Gov. Steve Bullock said Friday he told U.S. Senate Majority Harry Reid to butt out when Reid tried to offer his opinion on the governor’s future appointment of a new U.S. senator to replace Sen. Max Baucus.
Bullock told reporters Friday that he received a call from Reid in December before it became public that President Barack Obama would be appointing Sen. Max Baucus as the U.S. ambassador to China. By law, the Montana governor fills any Senate vacancies by appointing a replacement.
“He wanted to weigh in on who I should choose and this was before it was even public,” Bullock said. “And I said it was none of your damn business.”
Bullock was asked if Reid had suggested a name for him to appoint.
The governor told reporters to contact Reid to get his side of the conversation.
In response to another question asking him about the call from Reid, Bullock recounted his end of the conversation:
“I said, ‘You know what.

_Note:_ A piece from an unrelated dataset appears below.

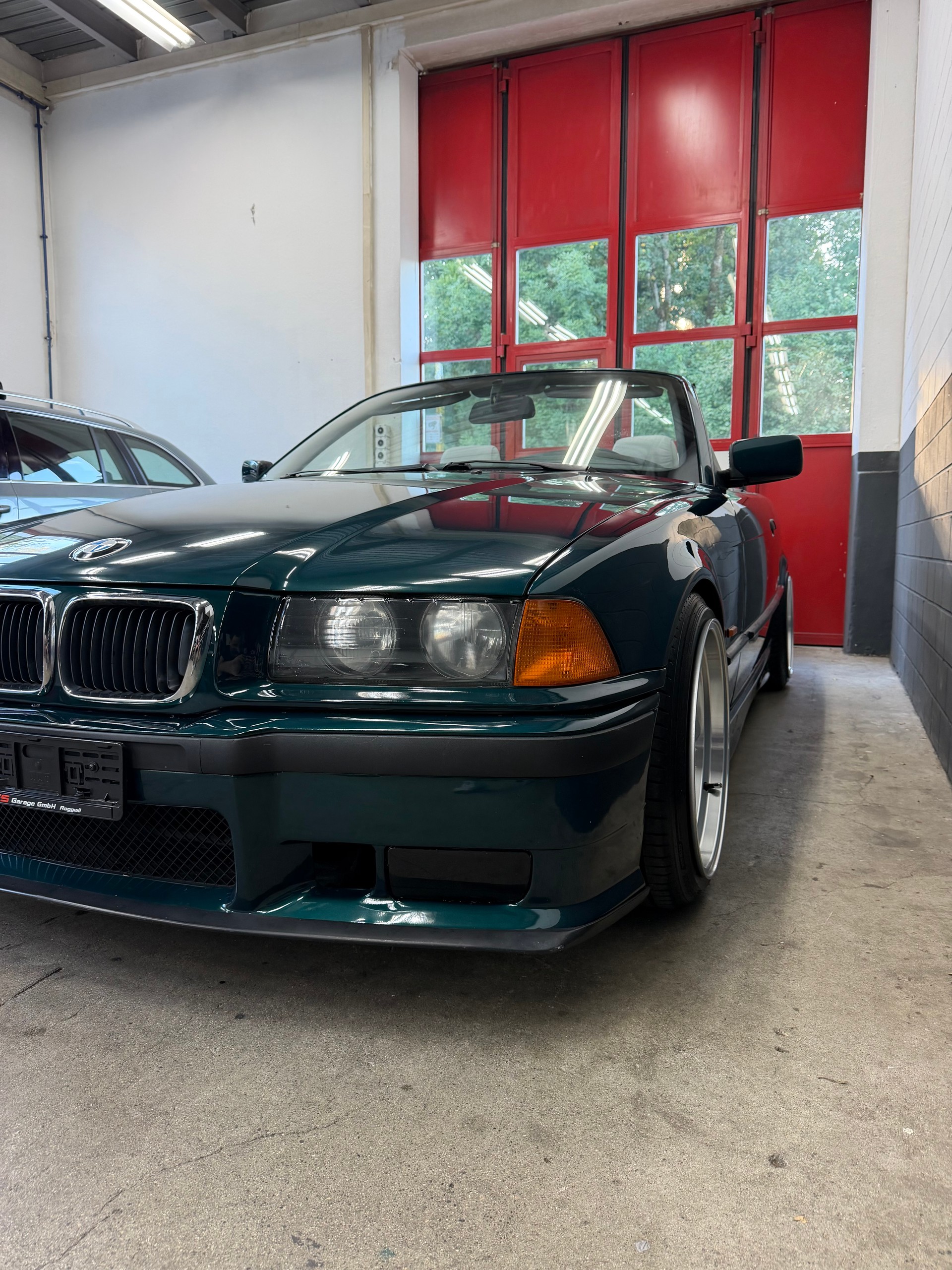 BMW 320i Cabrio Sport //NEU AB MFK!-image-2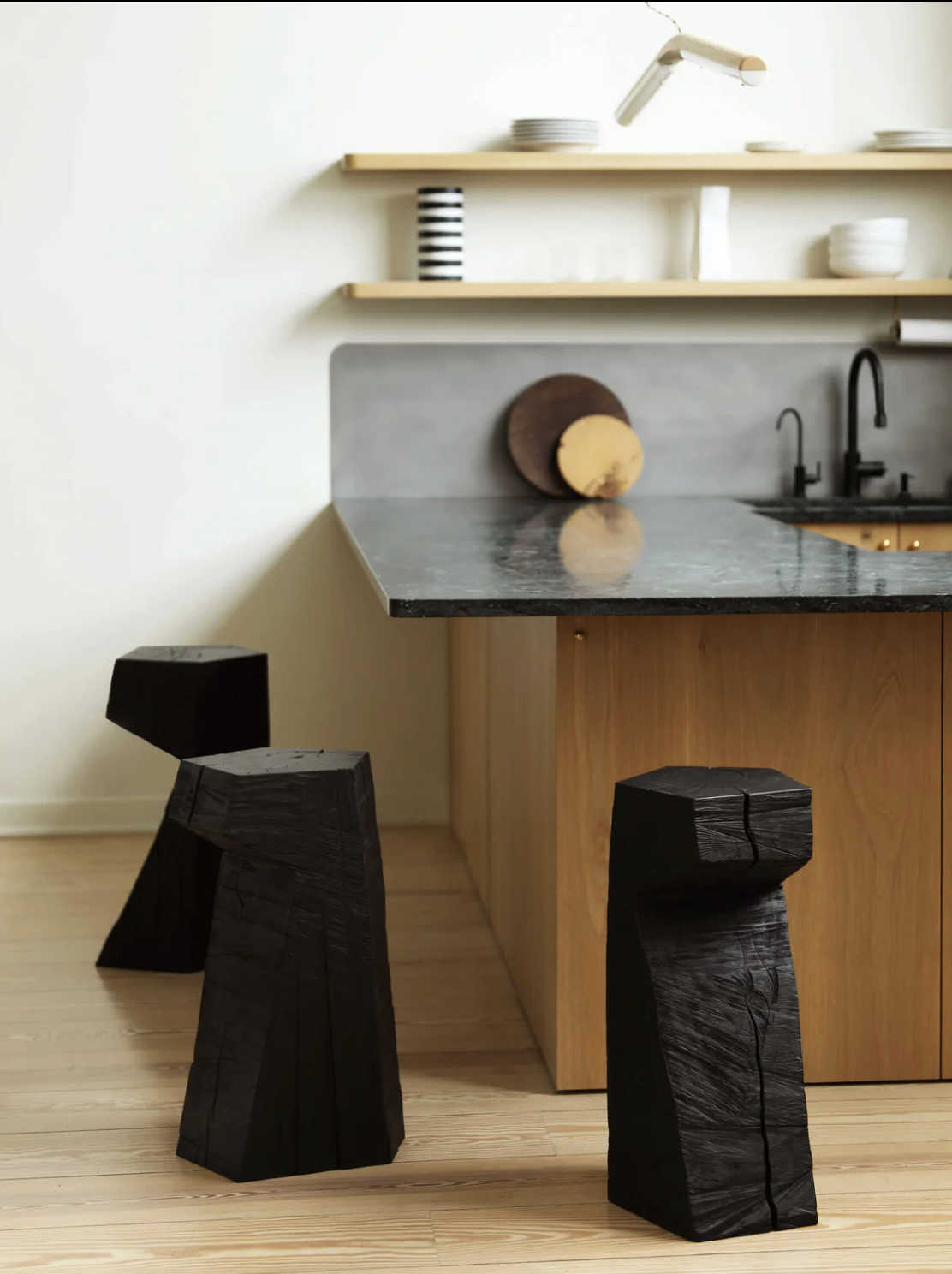 CHAINSAW STOOLS par Fort Standard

Stay out of my decision-making. This is a decision I make and no one else. This is one of those decisions that voters have entrusted me with.’ ”
The State Bureau placed a call to Reid’s press office and was awaiting a reply.

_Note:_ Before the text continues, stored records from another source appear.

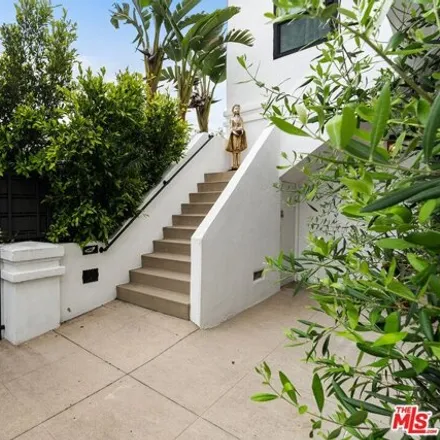 Image 2 - 8472 Oakwood Avenue, Los Angeles, CA 90048, USA - House for rent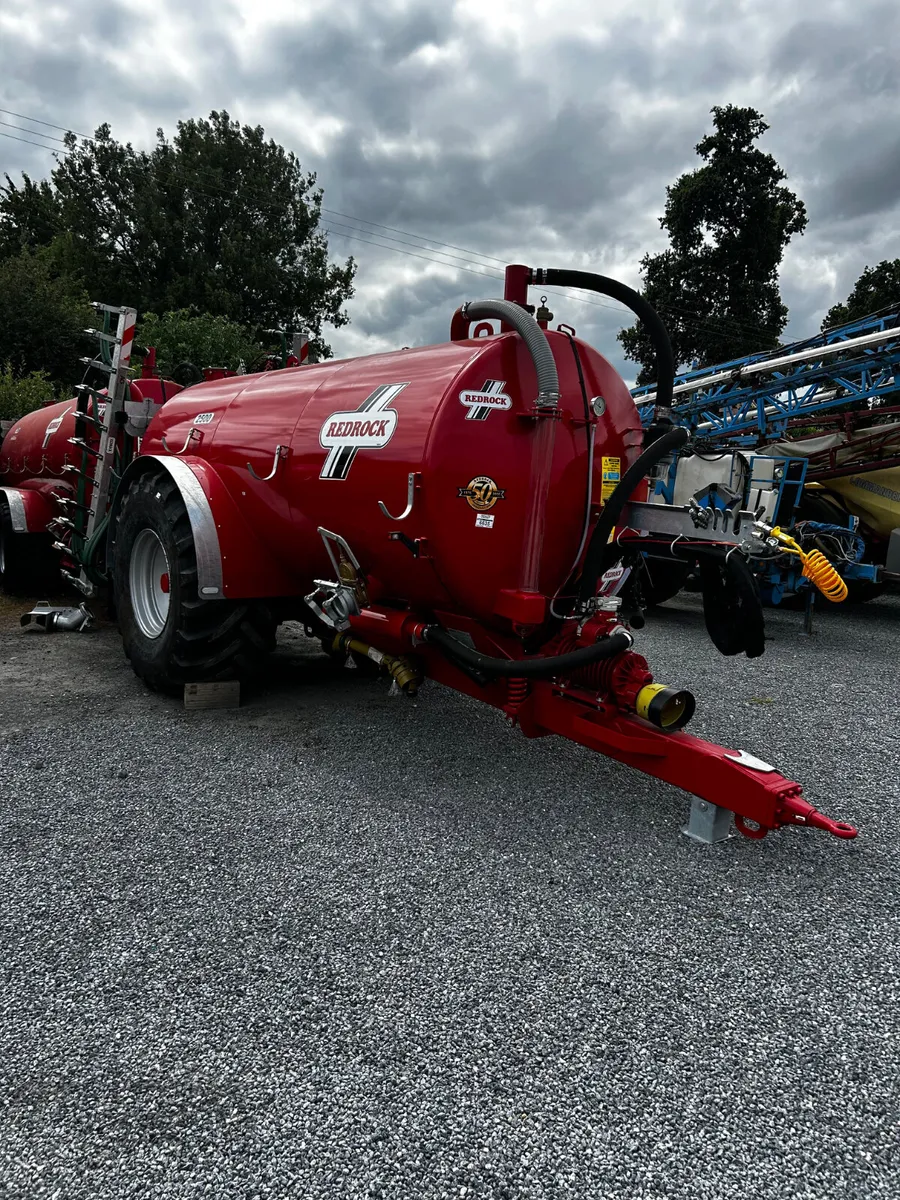 Redrock 2500g slurry tank - Image 1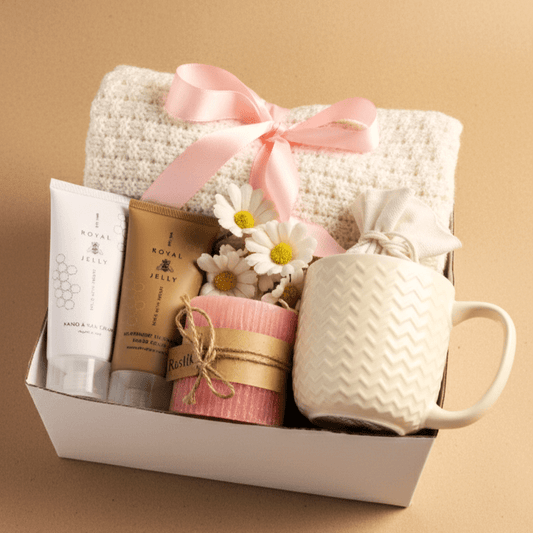 Honey Bee Gift Box - Gifting CY - Cyprus - 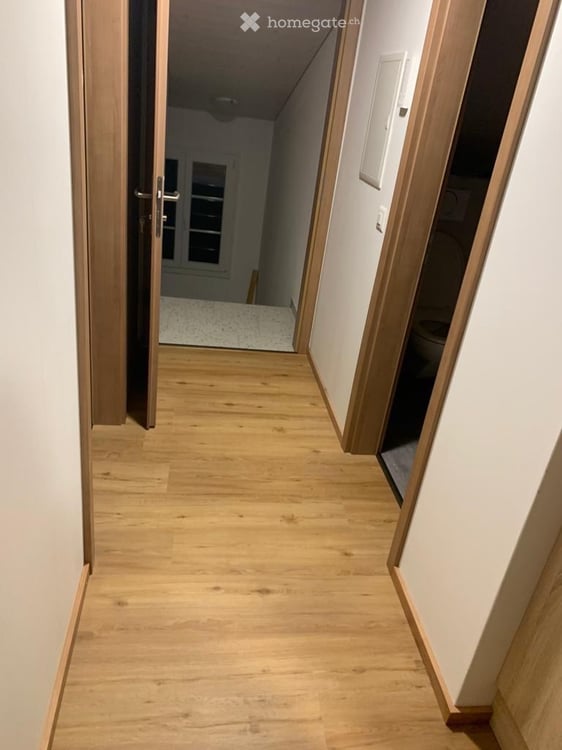 zu vermieten: 4.5-Zimmer-Wohnung, 2. OG 3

Bullock on Feb. 7 appointed Lt. Gov. John Walsh as Baucus’ replacement. Walsh already was running for the open Senate seat, and Bullock had endorsed him.

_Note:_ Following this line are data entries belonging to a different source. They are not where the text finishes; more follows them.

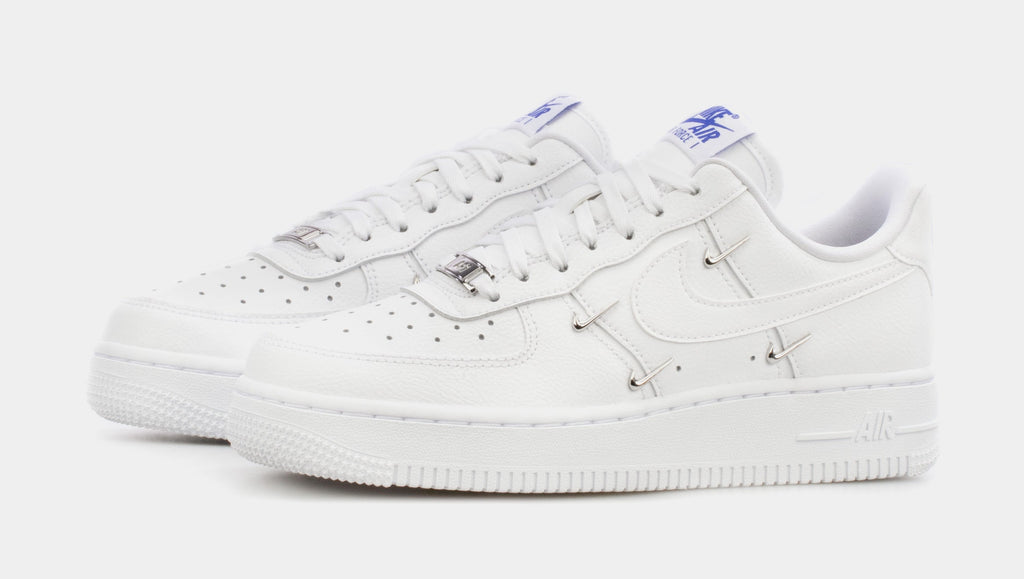 Air Force 1 LX Womens Lifestyle Shoe (White)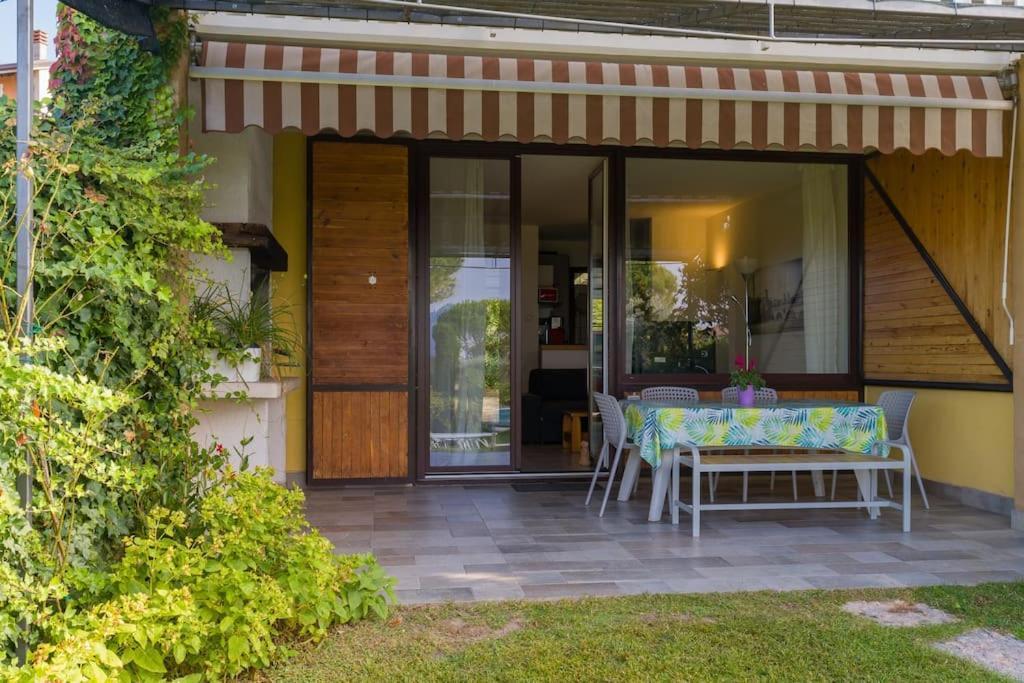 Tennis / Pool / Barbecue Bardolino Zewnętrze zdjęcie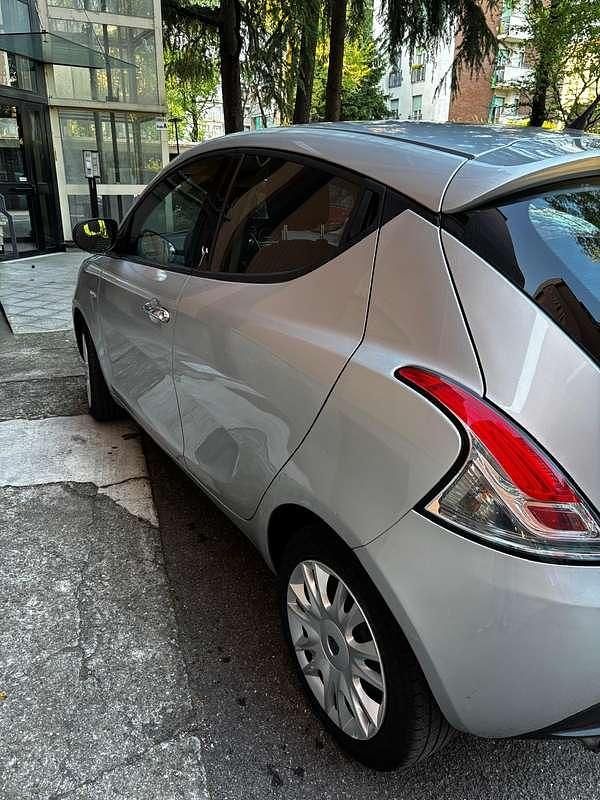 Usata Lancia Ypsilon Silver 69 CV (50 kW) 2014 Utilitaria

In April, Baucus had surprised the political world by announcing he would not seek a seventh term in the U.S. Senate.
Republicans have alleged the Baucus’ appointment as ambassador to China and Walsh’s appointment as senator was part of a “backroom deal” orchestrated by the White House, Reid and Bullock.
“If there was a backroom deal, I certainly was never invited to that back room,” Bullock said Friday.